I'm not lamenting the loss of representation; I don't think that Supreme Court picks should be ruled by affirmative action. Rather, the primary qualification should be that the person knows the law, understands the law, upholds the law, and possesses a certain sort of empathy for the way that the law impacts the lives of Americans. Accordingly, anyone--a Protestant, Jew, Catholic, Muslim, Buddhist, or atheist--can be an excellent Supreme Court justice.

However, the faith in which one was raised or which one practices forms the basis of one's worldview--the way in which a person interprets contexts and circumstances. It involves nuances regarding theology, outlook, moral choice, ethics, devotion, and community. All religious traditions provide these outlooks to their adherents, and they are present in both overt and subtle ways through our lives. I'm not lamenting the numerical absence of Protestants. Instead, I will miss the fact that there will be no one with Protestant sensibilities on the court, no one who understands the nuances of one of America's oldest and most traditional religions--and the religion that deeply shaped American culture and law.

Historically, American Protestantism is a vast, diverse, argumentative set of traditions. Sociologists include a wide array of denominations under the moniker, from independent churches to Episcopalians and all sorts of Baptists, Pentecostals, Presbyterians, Methodists, Lutherans, and Congregationalists in between. Despite such theological diversity, most Protestants retain three general convictions that shape their worldview and impact the ways in which they engage the public square:

First, Protestants hold central the idea that nothing should or can impede individual conscience. From Martin Luther's clarion call at the time of the Reformation, "Here I stand, I can do no other," Protestants of all sorts emphasize the free expression of individual rights and conscience. Those individual rights can--and do--empower liberation and freedom against corrupt institutions and unjust states.

Second, Protestants believe that symbols like the cross and the flag mean something. Going back to the days when Protestants stripped churches of religious statues and painted over icons, they believed that symbols convey the meaning of the thing depicted. Crosses, icons, flags, paintings, and other representations cannot be separated from their theological or political intention. Thus, Protestants have historically fought over the power of symbols and their meaning in public space. As a result, they often argue for empty public space because they understand the internal power of symbols.

Third, Protestants (in partnership with free-thinking Enlightenment philosophers) created the concept of the separation of church and state in the 17th and 18th centuries. Indeed, some historians argue that the Constitution's Establishment and Free Exercise clauses--the phrases that guide the relationship between religion and politics--might well be the most important contributions of American Protestantism to Christian theology.

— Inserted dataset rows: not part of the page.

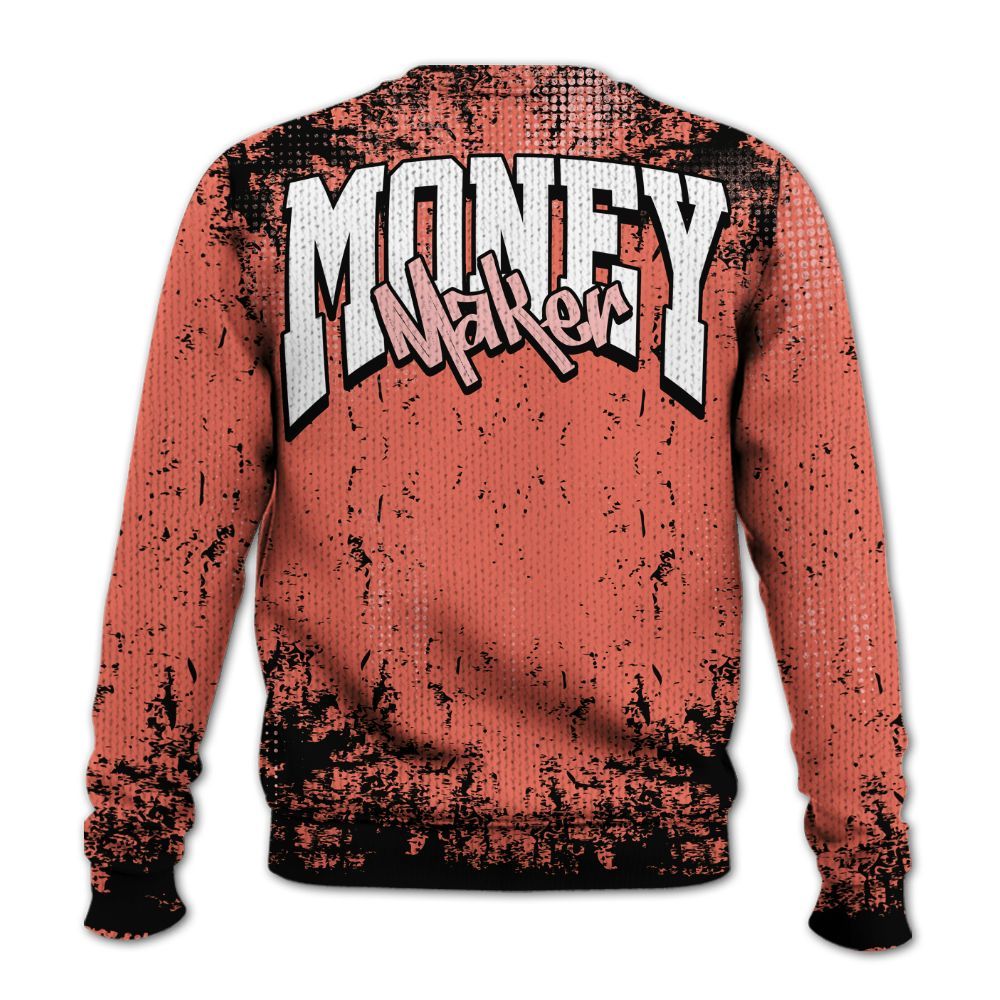 Knitted Sweater To Match Low OG PSG 1s - Move In Silence Money Street Retro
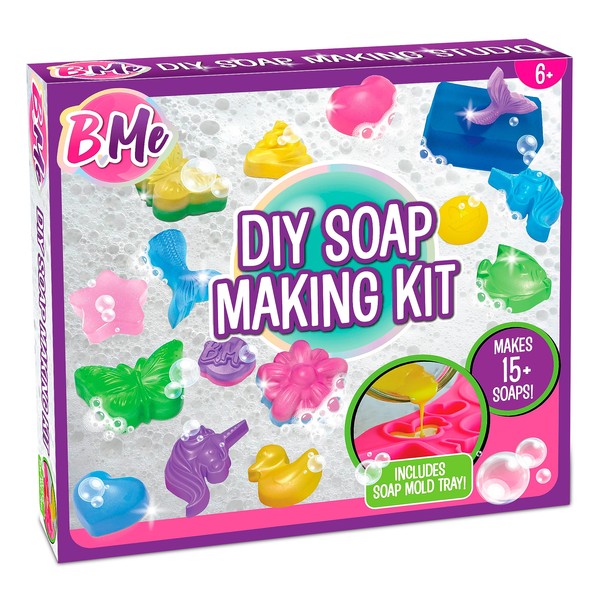 B Me Beginner Soap Making Craft Kits for Kids Girls Ages 6+ | Make 15+ Soap Shapes with 5 Different Scents | Make Your Own Soap Science Kits Toys Gifts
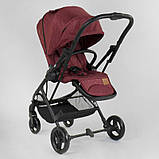 Дитяча коляска прогулянкова (реверсивний блок) JOY Liliya 10105 Вишневий, фото 6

These three things--individual conscience, the power of symbols to inspire and convince, and the separation of church and state--are not merely areas of law to Protestants. No, these are the things that inflame the Protestant soul--the things we have fought over, left other churches and start new denominations to uphold, teach our children, sing of in our hymnody, of which we write books and hold theological debates, and why we do good on behalf of our neighbors. Protestants do not always agree on how these principles work out in the law, nor have Protestants always followed their own principles to their logical legal conclusions. But these are the things that guide Protestants, the insights that animate the followers of one of Christianity's great traditions.

Elena Kagan will be a fine and fair justice. President Obama has made a thoughtful, considered choice. But, on this day, I am a little sad. Missing from the bench upcoming years will be someone who empathizes with the Protestant worldview in a visceral way. As religious cases multiply in an increasingly pluralistic world, I can't help but think that losing the lived memory of American Protestantism will be a loss for all of us indeed.